Print out the entries from the line containing "this 1024×1024 image." through the last line, exactly, and print nothing else. Pictures are not copied.
== Segment start ==
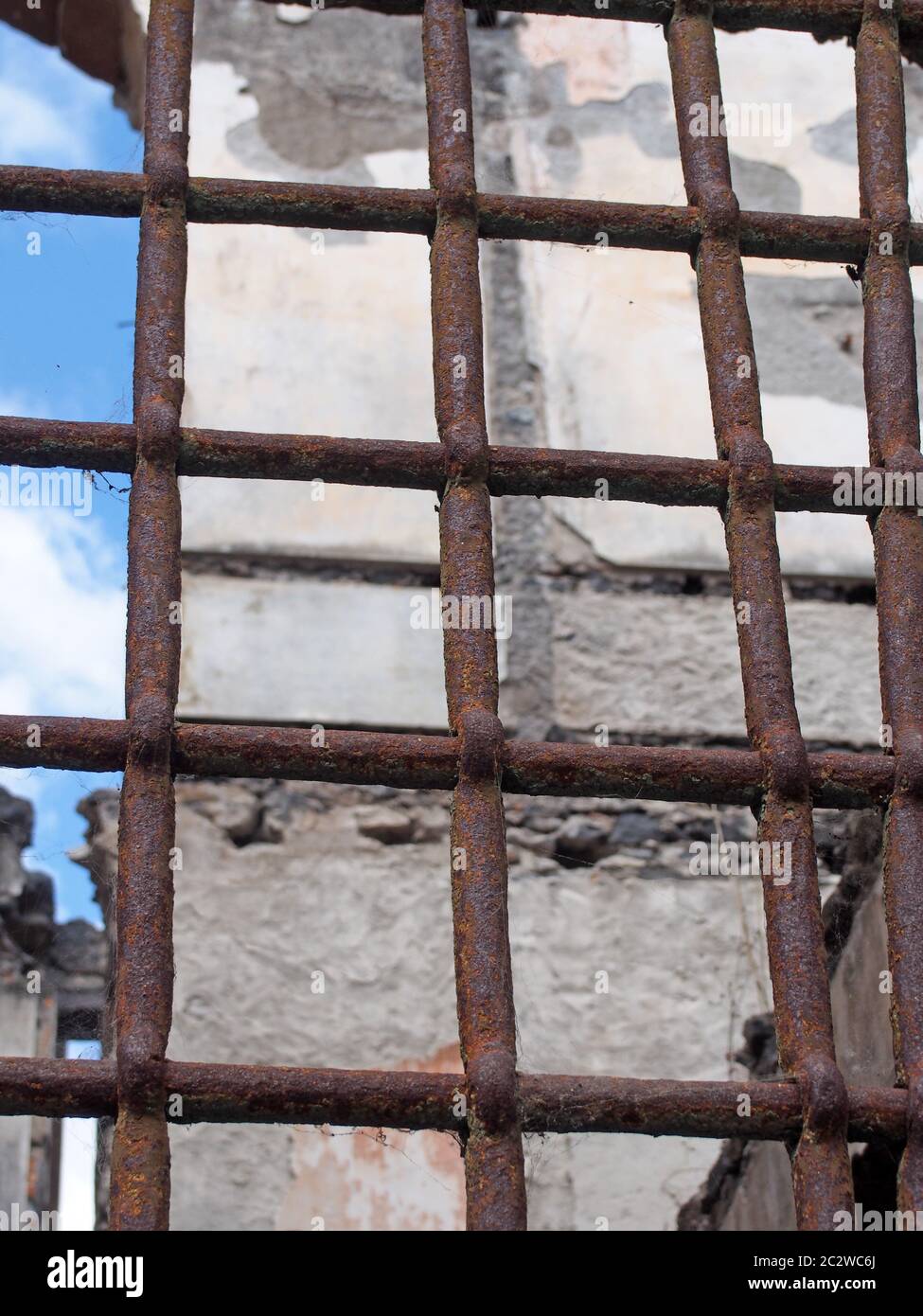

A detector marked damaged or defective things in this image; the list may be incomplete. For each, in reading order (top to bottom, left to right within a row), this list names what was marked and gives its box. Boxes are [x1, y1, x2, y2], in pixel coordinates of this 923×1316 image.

corroded metal bar [666, 0, 856, 1235]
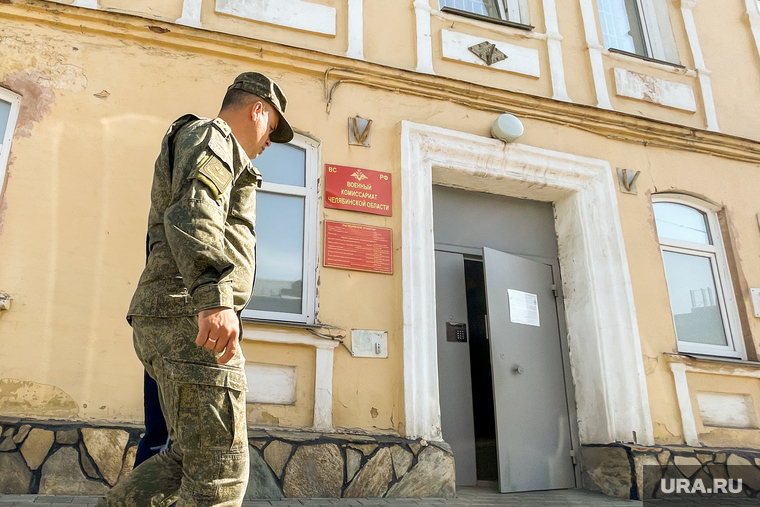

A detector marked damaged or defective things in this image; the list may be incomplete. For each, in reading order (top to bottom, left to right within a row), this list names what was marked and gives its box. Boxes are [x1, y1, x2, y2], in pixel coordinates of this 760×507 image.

peeling paint [0, 380, 78, 418]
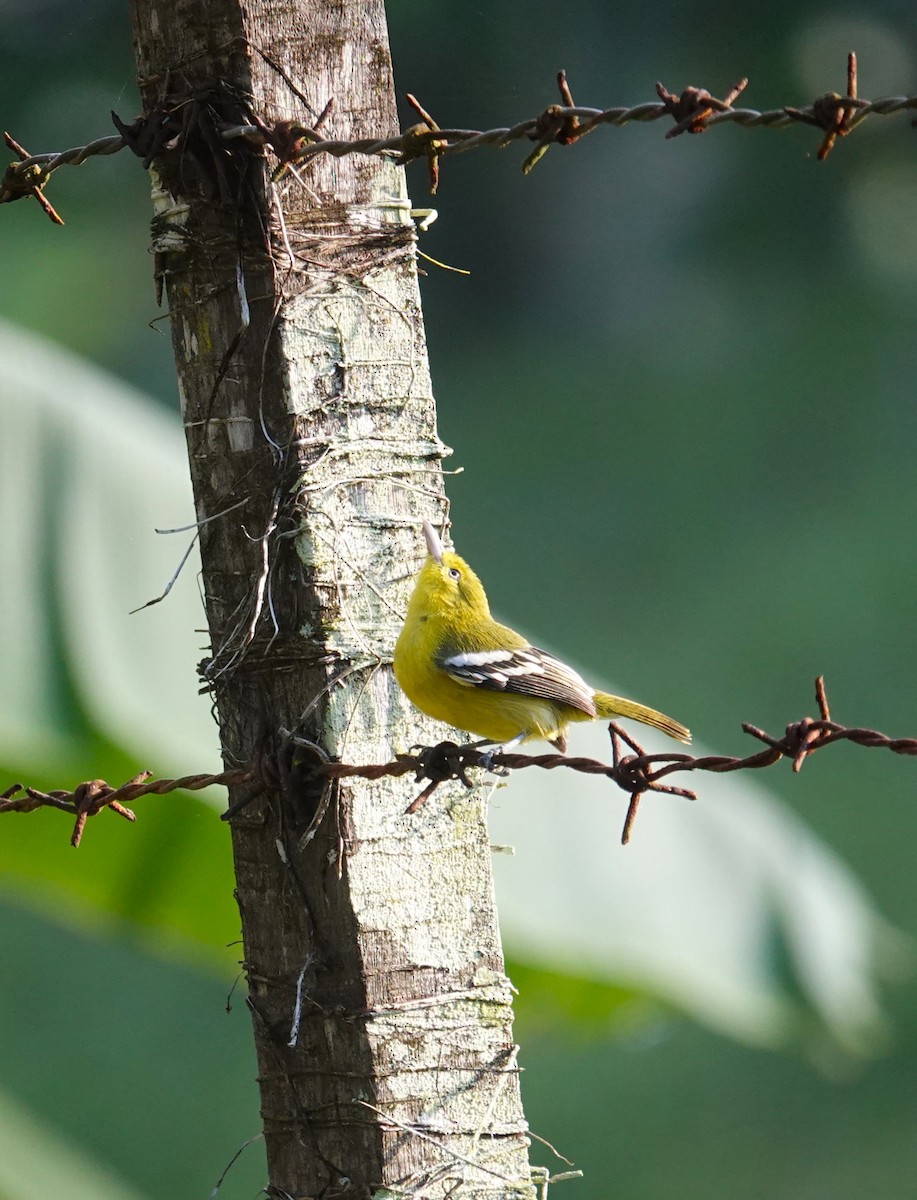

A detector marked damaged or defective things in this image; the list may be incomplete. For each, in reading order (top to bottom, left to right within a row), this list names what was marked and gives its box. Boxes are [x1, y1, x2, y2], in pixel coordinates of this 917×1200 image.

rusty barbed wire [5, 52, 917, 223]
rusty barbed wire [3, 681, 912, 849]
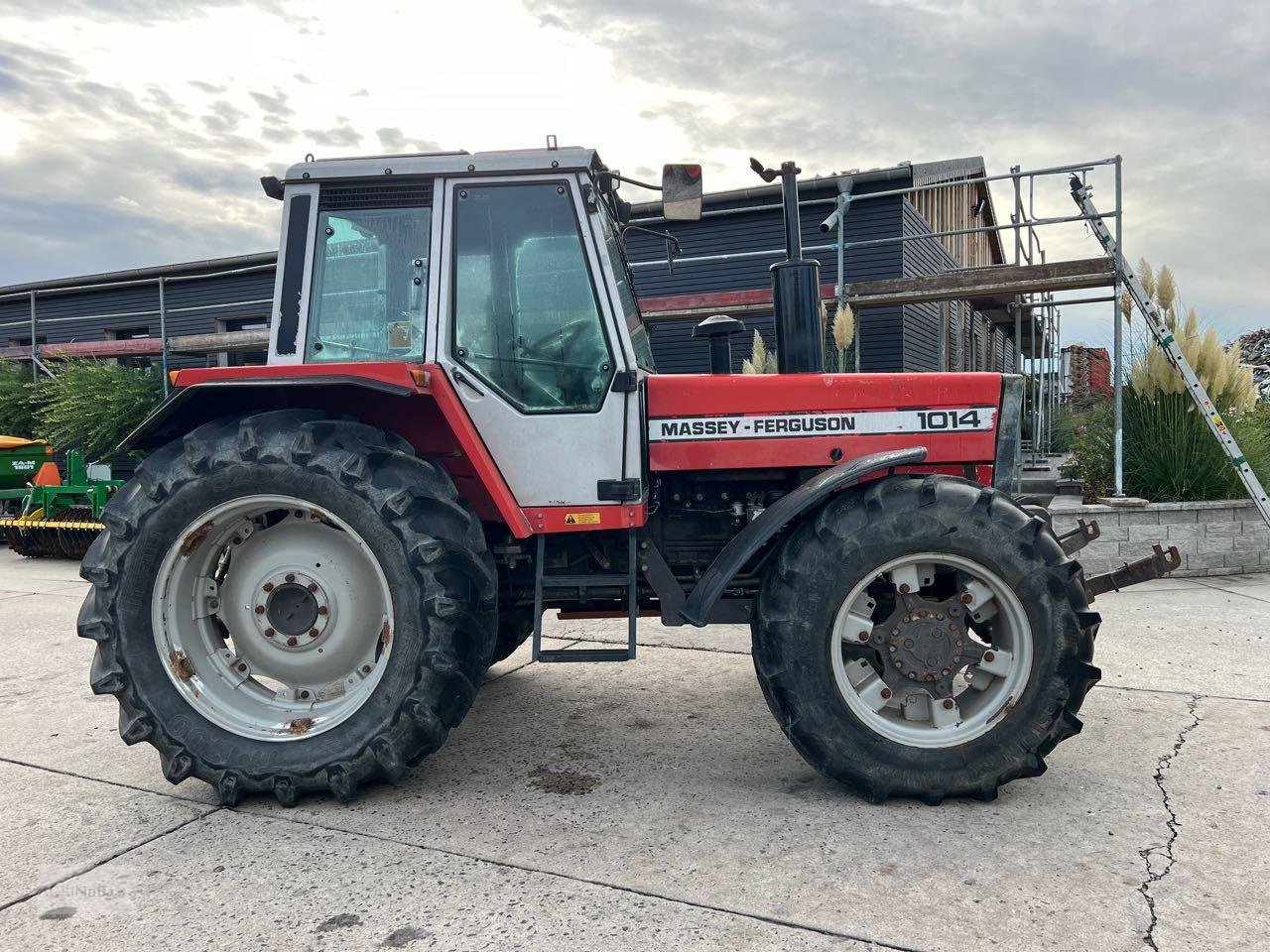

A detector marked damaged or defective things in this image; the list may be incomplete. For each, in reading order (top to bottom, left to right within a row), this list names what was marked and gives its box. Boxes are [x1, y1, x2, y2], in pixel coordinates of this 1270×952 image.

pavement crack [0, 805, 222, 912]
pavement crack [1143, 690, 1199, 952]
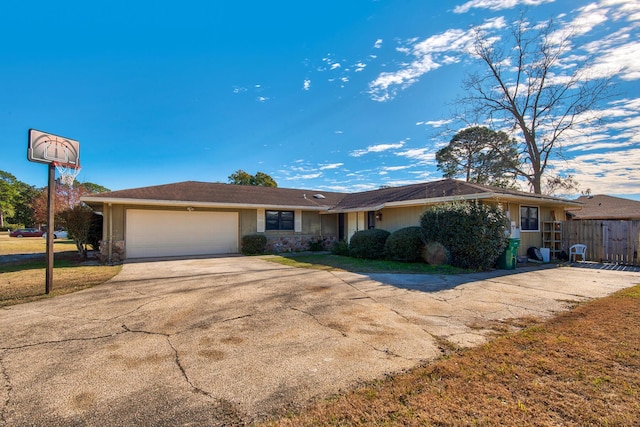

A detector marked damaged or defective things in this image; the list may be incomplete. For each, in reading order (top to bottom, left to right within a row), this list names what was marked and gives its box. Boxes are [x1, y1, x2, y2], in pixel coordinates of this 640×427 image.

cracked concrete driveway [3, 256, 640, 426]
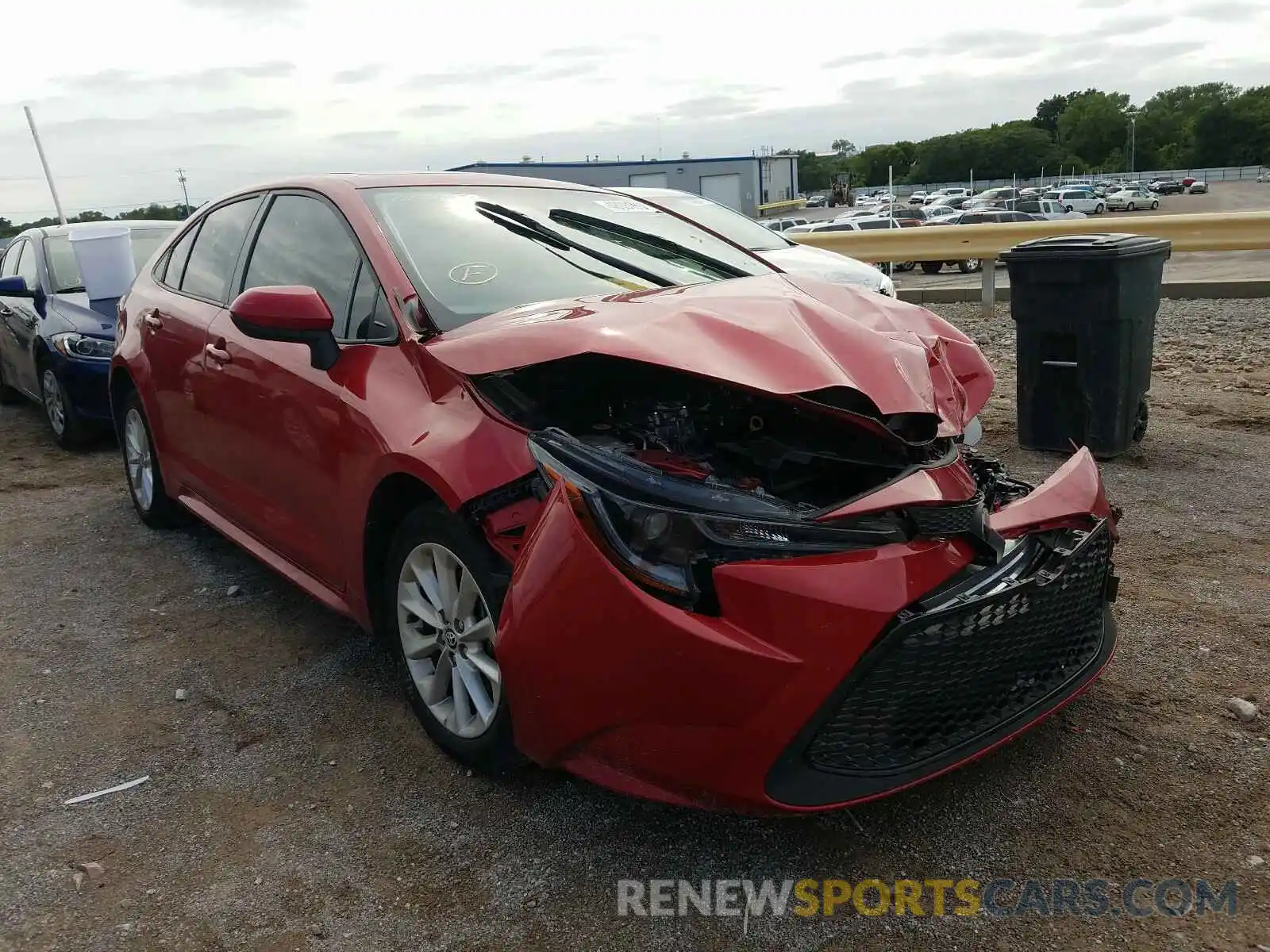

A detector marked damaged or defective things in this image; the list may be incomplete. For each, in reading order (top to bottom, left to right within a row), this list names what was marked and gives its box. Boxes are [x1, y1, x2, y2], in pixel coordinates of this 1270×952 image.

damaged red car [111, 171, 1122, 812]
crumpled hood [426, 271, 991, 428]
front bumper detached [762, 517, 1112, 807]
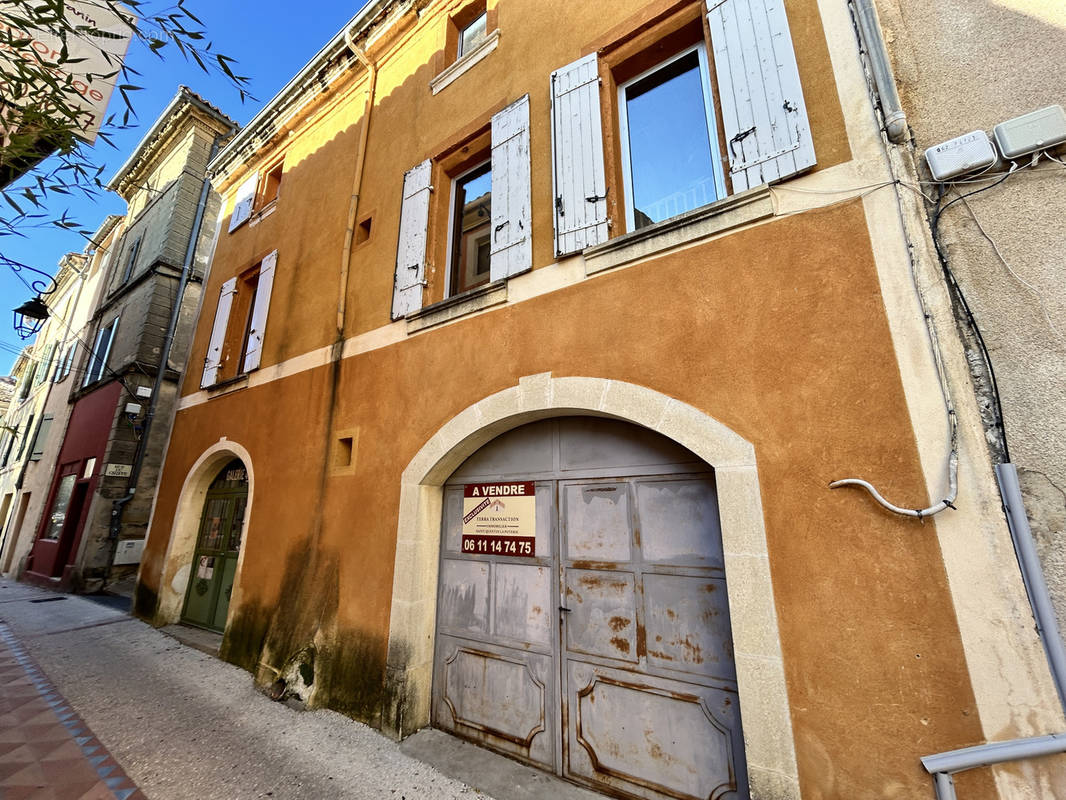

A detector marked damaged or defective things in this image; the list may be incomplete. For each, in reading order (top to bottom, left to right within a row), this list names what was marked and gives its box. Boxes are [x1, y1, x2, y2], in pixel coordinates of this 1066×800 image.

rusty metal gate [432, 418, 748, 800]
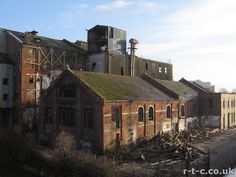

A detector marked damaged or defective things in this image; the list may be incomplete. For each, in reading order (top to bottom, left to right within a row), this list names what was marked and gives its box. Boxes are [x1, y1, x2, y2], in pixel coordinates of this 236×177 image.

damaged roof [69, 70, 174, 101]
damaged roof [155, 79, 197, 99]
broken window [58, 106, 75, 126]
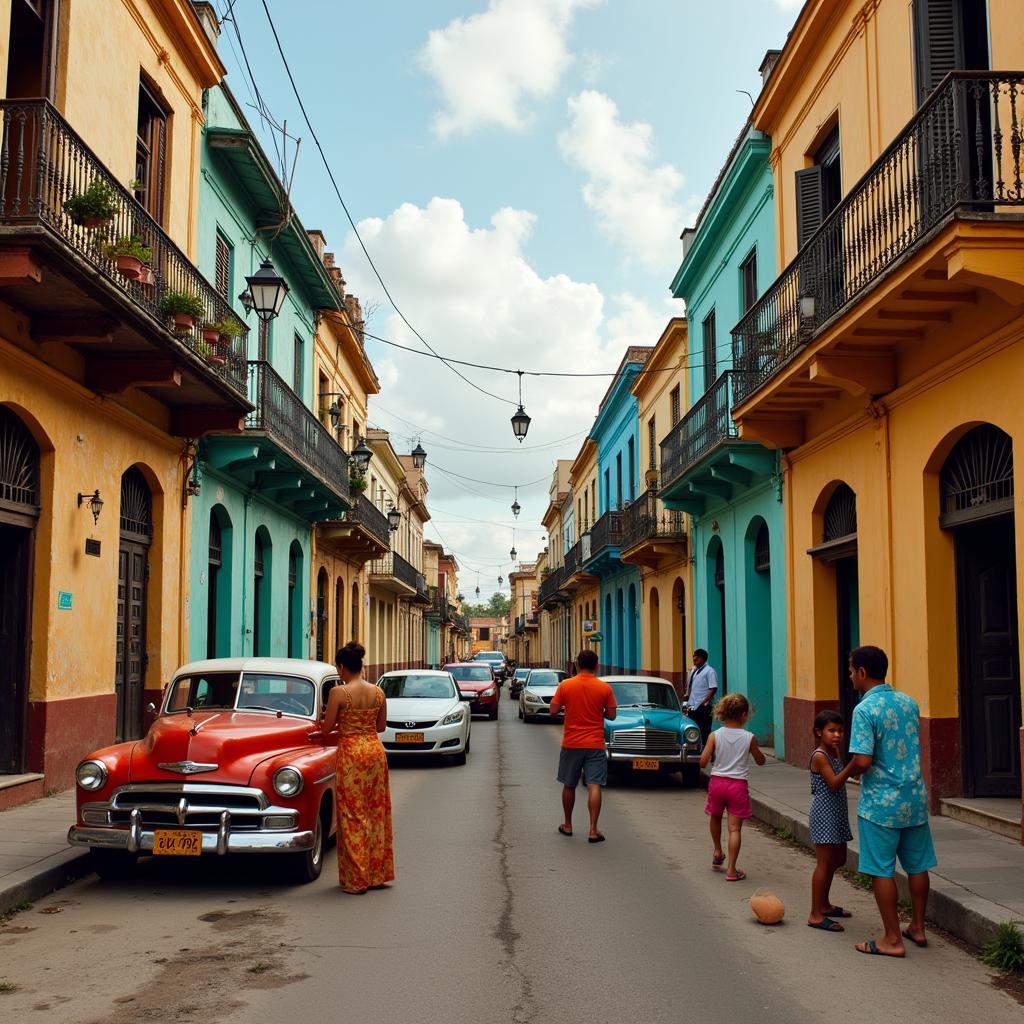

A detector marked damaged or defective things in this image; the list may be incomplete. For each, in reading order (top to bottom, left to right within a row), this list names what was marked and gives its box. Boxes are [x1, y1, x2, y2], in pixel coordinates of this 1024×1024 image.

crack in pavement [493, 712, 540, 1024]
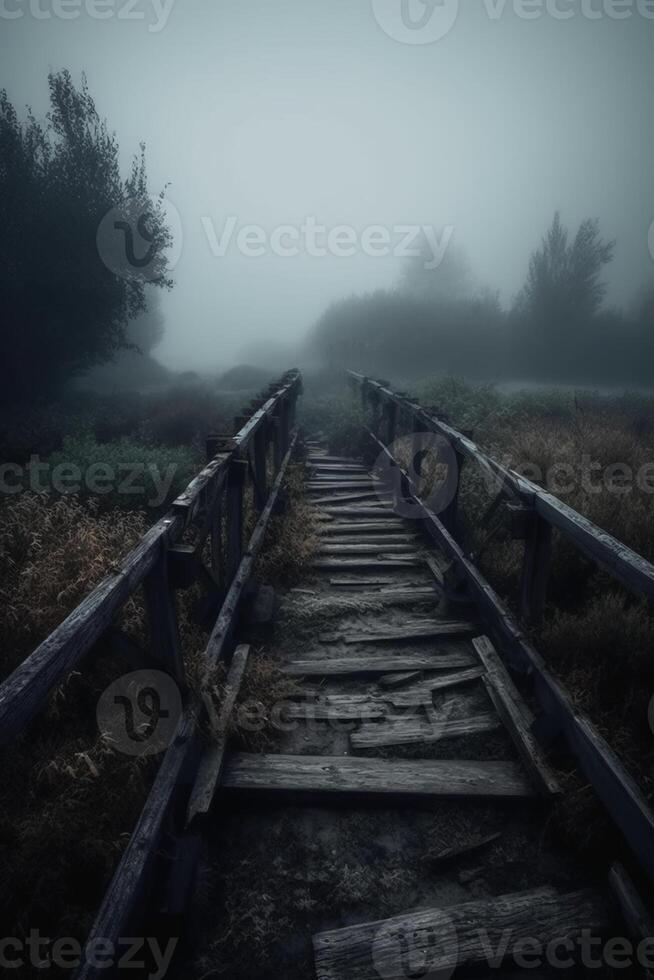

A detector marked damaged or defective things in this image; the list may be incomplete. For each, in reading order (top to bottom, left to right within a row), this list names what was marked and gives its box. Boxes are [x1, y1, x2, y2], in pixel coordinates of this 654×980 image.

broken plank [322, 620, 480, 644]
broken plank [284, 652, 476, 680]
broken plank [390, 668, 486, 704]
broken plank [187, 644, 254, 828]
broken plank [354, 712, 502, 752]
broken plank [472, 636, 564, 796]
broken plank [223, 756, 536, 800]
broken plank [312, 888, 608, 980]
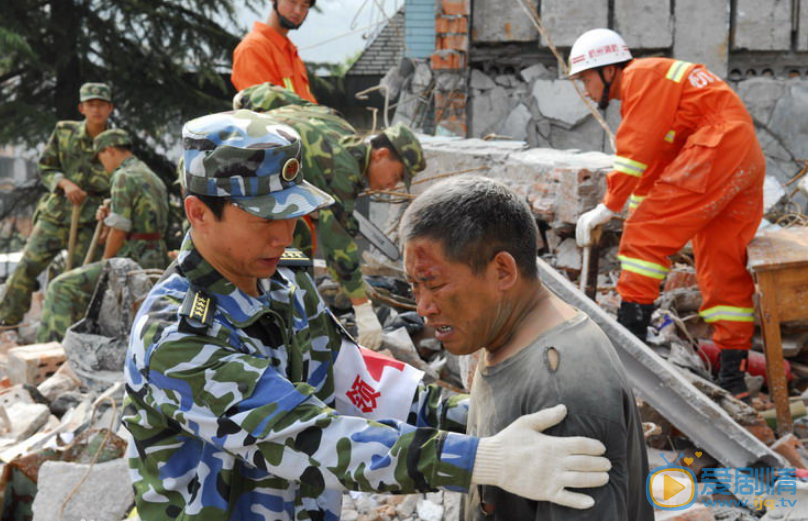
== Segment end ==
▸ Response for this exercise
A detector marked damaged or defective things in this image; the list may be incomplete. For each, in reading order (top to bottom, left to right within a row), this list names what was marked and gives its box. Boxes are [x1, y1, x2, y2], in pixel coordinates of this 1024×1024 image.

crack in pavement [493, 712, 540, 1024]

A detector marked damaged or defective things in this image; the list may be incomplete. For each, in reading order (top to bottom, left to right within a row), this list names what was marked and gives its box. Boxes are [x1, y1, x2, y2], in pixel coordinates of this 654×980 image.

broken plank [322, 620, 480, 644]
broken plank [284, 652, 476, 680]
broken plank [390, 668, 486, 704]
broken plank [187, 644, 254, 828]
broken plank [354, 712, 502, 752]
broken plank [472, 636, 564, 796]
broken plank [223, 756, 536, 800]
broken plank [312, 888, 608, 980]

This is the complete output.